Wolff laughs it off: "That's just Bernie being Bernie. As a racing driver, you're representing a brand and your appearance is part of your job. But there's a fine line between being feminine and creating attention on yourself because of what you're wearing.

"Sure, it's sometimes difficult when you take your helmet off to talk to your engineer and someone hands you a cap and says put this on. That's when I know I'm having a really bad hair day.

"I love reading fashion magazines, buying handbags, the usual things - but when you're in the moment and focusing on setting up the car, how you look is so irrelevant."

While Wolff agreed that women are generally not risk-takers, she said those who want to be racing drivers break the mould.

"I'm not like other females," she said. "I'm obviously different because of the path I've taken. I'm just as aggressive as the guys when I get my helmet on. Plus F1 is not just about taking risks, but knowing when to take risks and when to back off. It's also about strategy and managing your tyres."

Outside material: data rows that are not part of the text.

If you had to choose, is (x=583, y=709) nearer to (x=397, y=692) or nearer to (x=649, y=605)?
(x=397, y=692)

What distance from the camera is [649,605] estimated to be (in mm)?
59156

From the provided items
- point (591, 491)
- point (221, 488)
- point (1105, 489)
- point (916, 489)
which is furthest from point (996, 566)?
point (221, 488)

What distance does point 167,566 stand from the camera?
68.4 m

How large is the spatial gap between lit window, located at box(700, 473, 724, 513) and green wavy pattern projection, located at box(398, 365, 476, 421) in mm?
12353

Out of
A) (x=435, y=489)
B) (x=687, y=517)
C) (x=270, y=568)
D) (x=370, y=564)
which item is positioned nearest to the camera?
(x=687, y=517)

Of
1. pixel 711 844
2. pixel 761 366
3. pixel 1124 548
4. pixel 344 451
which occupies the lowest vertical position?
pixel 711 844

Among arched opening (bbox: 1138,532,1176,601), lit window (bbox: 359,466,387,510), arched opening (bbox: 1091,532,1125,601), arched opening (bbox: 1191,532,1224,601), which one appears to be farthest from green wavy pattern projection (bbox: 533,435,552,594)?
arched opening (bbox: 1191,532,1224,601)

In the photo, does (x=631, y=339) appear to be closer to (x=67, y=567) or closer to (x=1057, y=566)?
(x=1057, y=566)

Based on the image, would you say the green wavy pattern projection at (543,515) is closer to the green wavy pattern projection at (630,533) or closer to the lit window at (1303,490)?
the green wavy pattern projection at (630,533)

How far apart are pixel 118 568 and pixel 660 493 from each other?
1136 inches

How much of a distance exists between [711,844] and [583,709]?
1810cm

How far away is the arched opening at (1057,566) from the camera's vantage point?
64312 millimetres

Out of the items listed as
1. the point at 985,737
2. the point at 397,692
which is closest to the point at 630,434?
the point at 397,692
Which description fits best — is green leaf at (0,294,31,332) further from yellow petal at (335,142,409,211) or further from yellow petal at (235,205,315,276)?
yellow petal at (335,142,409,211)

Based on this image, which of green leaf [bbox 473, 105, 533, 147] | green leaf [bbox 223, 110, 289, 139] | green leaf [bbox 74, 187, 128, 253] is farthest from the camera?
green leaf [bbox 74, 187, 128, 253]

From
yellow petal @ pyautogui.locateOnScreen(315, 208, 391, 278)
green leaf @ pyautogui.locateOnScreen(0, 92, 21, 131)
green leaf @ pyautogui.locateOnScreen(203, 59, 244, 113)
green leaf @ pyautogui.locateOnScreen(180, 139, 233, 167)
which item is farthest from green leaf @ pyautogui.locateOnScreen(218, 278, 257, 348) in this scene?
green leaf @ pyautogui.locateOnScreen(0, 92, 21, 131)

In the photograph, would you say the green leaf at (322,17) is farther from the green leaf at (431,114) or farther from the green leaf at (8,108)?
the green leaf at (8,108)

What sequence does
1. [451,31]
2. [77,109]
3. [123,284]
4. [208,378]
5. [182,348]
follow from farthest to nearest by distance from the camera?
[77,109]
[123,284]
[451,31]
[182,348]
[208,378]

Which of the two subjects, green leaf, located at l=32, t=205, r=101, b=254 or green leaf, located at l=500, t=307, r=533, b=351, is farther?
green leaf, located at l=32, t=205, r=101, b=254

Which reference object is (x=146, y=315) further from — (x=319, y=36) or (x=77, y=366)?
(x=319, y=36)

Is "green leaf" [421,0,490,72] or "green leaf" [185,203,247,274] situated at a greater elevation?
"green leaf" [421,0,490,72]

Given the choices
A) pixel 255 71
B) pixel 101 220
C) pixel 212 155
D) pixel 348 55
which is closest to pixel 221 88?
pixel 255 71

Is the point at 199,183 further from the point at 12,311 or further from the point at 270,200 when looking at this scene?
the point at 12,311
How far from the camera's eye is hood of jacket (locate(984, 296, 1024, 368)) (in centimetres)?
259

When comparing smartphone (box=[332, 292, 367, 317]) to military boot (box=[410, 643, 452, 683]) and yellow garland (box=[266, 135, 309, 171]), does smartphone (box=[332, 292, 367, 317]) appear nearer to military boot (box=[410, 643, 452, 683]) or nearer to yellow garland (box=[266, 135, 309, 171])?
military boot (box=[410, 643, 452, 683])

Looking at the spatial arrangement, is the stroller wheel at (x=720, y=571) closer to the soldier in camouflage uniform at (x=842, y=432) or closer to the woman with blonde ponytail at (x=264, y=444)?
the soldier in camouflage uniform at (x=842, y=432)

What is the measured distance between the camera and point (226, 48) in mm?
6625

Many believe women lack the strength to cope with the demands of the sport, but Wolff rubbishes that claim. "We have 30% less muscle so we have to work hard, but there's no reason why females can't get strong enough to race an F1 car," she said.

According to Dr Riccardo Ceccarelli, who offers medical support to the Toro Rosso and Lotus F1 teams - and has set up a centre called Formula Medicineexternal-link which conducts research into how an F1 driver can train to the optimum - strength is not as important as many people think.

Lella Lombardi
Lella Lombardi is the only female driver to have finished in the points in F1

"There is a big lack of culture in Formula 1," said Ceccarelli. "Too many drivers focus on physical strength and not enough on the mental side.

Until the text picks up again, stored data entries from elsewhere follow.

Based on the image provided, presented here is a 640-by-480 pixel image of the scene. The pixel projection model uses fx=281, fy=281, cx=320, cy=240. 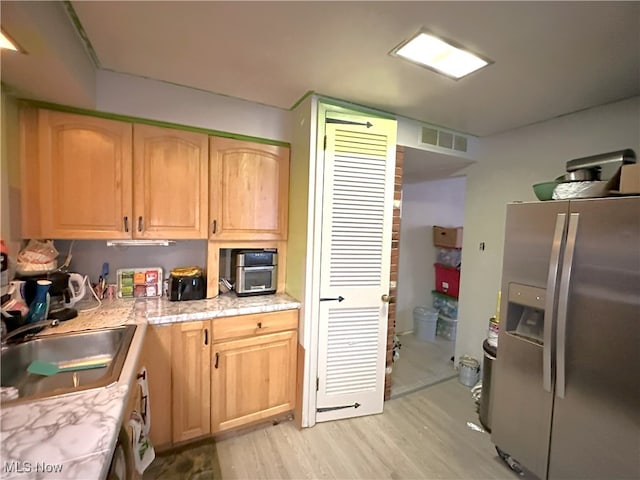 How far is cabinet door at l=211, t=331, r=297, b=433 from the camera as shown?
5.90ft

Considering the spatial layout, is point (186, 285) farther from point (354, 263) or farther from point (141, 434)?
point (354, 263)

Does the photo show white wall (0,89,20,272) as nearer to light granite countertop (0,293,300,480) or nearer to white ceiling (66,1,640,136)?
white ceiling (66,1,640,136)

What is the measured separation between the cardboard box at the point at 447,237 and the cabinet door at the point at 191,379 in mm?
3102

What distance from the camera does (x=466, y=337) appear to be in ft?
9.15

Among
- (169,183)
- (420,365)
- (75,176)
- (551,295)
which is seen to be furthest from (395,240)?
(75,176)

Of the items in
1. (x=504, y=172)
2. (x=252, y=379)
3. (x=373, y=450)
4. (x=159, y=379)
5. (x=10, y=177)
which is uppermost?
(x=504, y=172)

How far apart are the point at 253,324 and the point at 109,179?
124cm

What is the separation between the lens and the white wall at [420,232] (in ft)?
12.4

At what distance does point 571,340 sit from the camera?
4.62 ft

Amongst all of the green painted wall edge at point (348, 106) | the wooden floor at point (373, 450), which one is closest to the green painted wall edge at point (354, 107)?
the green painted wall edge at point (348, 106)

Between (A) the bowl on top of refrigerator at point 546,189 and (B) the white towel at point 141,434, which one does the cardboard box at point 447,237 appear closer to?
(A) the bowl on top of refrigerator at point 546,189

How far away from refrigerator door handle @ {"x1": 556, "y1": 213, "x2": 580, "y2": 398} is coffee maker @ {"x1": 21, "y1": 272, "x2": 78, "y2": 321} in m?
2.58

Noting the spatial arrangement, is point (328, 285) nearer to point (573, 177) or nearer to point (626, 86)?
point (573, 177)

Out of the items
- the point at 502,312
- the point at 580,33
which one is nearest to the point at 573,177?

"Yes, you need the strong muscles in the neck and upper body so you can have the energy to drive without any tiredness, but once you reach a certain level - there's no more benefit. There's no point putting on extra muscle.

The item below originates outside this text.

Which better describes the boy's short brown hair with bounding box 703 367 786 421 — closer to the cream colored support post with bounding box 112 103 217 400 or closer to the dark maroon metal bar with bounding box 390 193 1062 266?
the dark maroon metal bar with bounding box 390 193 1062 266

"Endurance training, rather than weight training, then becomes key. The heart will become bigger, which pumps more blood to the brain. That in turn improves the efficiency of the brain and improves the driver's ability to perform all the tasks he needs to perform in the cockpit. Slowly, drivers are coming round to this idea but there's a still long way to go.

"To achieve the optimum in training, our research shows a driver needs to spend just 30% of their time on physical training and the other 70% on brain training. If you can train the brain to be more efficient, it's easier to multi-task and that will make the bigger difference in terms of performance."

So even if women aren't able to match men physically, that doesn't mean they can't be successful. Endurance and mental training needs to be the focus alongside being given a competitive car and a supportive team.

And until now, the latter has always been the problem. From the five women who had a chance in F1, three failed to qualify for a race - they drove cars that simply weren't good enough.

Italian Giovanna Amati, for example, failed to qualify her Brabham in the three races she attempted in 1992. Later that year, Damon Hill, who would go on to win the world championship four years later, struggled to qualify - and didn't always succeed - in the same car.

In 1975, Lella Lombardi became the first - and as yet only - woman to score a World Championship point in the Spanish Grand Prix, or half-a-point as it turned out because the race was stopped early, when she came sixth in only her third race and went on to enter a further 14 races.

Lombardi aside, four other women were given fewer than three races to adapt to the sport, but for 29-year-old Wolff, now in her seventh season in the German Touring Car series DTM,external-link she has started on a programme with Williams which is aimed at fully preparing her for her racing debut.

So when will we see a female driver be given a real chance to prove herself in an F1 race? "Definitely within the next decade," said Wolff. "There's a few of us close to F1 now. It would just take a massive leap of faith for one of the teams to give a female a chance. There are many people within F1 who would like to see it happen."

Which team principal will be man enough to provide the opportunity?